C++ implementation of python unicodedata library

439 Views Asked by At

New user here, please be gentle.

we are looking to implement a piece of python code in c++, but it involves some intricate unicode library called unicodedata, in particular this function

unicodedata.category('A')  # 'L'etter, 'u'ppercase
'Lu'

Any chance that this can be readily achieved in c++? Would embedding compiled python code in c++ be worthwhile, assuming we want to do this in the context of online tensorflow model serving?
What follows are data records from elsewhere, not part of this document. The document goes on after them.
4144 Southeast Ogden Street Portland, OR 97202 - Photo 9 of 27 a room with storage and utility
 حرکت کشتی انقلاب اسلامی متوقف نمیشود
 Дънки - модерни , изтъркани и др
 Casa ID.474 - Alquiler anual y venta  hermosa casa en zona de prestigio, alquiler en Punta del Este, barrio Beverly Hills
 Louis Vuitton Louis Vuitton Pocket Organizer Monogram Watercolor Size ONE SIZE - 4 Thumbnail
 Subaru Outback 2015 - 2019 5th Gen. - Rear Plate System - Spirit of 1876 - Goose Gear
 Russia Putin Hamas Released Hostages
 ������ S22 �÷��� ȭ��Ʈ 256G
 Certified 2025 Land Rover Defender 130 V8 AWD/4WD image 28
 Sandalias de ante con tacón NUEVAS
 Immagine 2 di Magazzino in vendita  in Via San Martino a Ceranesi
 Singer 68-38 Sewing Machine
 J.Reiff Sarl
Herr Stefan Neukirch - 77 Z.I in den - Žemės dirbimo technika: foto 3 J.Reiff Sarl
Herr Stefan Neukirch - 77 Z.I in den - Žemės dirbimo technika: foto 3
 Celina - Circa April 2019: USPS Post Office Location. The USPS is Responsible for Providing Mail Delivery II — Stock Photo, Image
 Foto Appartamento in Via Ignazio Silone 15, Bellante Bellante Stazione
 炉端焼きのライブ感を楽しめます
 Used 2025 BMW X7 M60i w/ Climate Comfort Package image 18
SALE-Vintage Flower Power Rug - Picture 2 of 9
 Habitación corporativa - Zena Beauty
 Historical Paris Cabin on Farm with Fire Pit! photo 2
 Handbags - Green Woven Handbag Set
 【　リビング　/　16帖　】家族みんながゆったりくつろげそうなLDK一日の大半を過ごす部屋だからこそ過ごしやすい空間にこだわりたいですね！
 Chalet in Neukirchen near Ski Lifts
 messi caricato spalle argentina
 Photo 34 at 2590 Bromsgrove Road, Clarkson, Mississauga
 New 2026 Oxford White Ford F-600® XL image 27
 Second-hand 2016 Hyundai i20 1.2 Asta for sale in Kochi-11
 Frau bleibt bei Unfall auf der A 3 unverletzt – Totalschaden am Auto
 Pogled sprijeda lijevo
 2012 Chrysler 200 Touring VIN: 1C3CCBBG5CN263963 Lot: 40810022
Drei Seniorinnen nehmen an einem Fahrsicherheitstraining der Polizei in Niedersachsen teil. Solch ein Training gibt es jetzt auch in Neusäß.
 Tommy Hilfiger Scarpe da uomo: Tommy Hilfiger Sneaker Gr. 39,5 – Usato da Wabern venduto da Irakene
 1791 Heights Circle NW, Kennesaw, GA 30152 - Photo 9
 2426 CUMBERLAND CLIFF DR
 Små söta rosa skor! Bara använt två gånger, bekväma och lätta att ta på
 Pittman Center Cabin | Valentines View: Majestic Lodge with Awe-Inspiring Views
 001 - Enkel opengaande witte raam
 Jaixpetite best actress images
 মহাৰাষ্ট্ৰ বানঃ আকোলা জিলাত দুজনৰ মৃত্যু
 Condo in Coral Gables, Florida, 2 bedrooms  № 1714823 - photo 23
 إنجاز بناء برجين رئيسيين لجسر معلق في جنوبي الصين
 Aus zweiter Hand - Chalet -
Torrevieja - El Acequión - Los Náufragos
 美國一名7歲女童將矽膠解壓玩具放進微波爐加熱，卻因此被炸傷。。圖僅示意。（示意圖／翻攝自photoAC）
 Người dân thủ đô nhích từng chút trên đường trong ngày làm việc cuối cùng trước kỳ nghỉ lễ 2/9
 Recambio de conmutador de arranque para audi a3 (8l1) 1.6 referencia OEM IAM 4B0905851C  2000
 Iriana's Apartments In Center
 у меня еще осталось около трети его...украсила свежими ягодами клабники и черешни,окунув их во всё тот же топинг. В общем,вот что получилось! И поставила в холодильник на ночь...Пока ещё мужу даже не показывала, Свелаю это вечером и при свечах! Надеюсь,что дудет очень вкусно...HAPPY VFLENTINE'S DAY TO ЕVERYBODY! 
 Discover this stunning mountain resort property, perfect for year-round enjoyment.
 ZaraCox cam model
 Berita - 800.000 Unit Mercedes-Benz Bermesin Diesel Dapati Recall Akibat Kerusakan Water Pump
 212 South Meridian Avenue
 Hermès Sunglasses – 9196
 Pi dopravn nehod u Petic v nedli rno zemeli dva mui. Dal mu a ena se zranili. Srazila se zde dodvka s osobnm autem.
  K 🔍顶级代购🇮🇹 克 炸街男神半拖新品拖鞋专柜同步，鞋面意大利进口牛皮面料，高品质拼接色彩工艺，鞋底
Thanks!

1

There are 1 best solutions below

2
On

Just stick the output of this Python code into a C++ source file:

import unicodedata

print('typedef enum {Cn, Cc, Cf, Co, Cs, Ll, Lm, Lo, Lt, Lu, Mc, Me, Mn, Nd, Nl, No, Pc, Pd, Pe, Pf, Pi, Po, Ps, Sc, Sk, Sm, So, Zl, Zp, Zs} CATEGORY_e;')
print('const CATEGORY_e CHAR_CATEGORIES[] = {%s};' % ', '.join(unicodedata.category(chr(codepoint)) for codepoint in range(0x110000)))

(If you are still using Python 2.x instead of 3.x, replace chr with unichr.)

You now have a convenient lookup table of Unicode character categories to use in your C++ programs.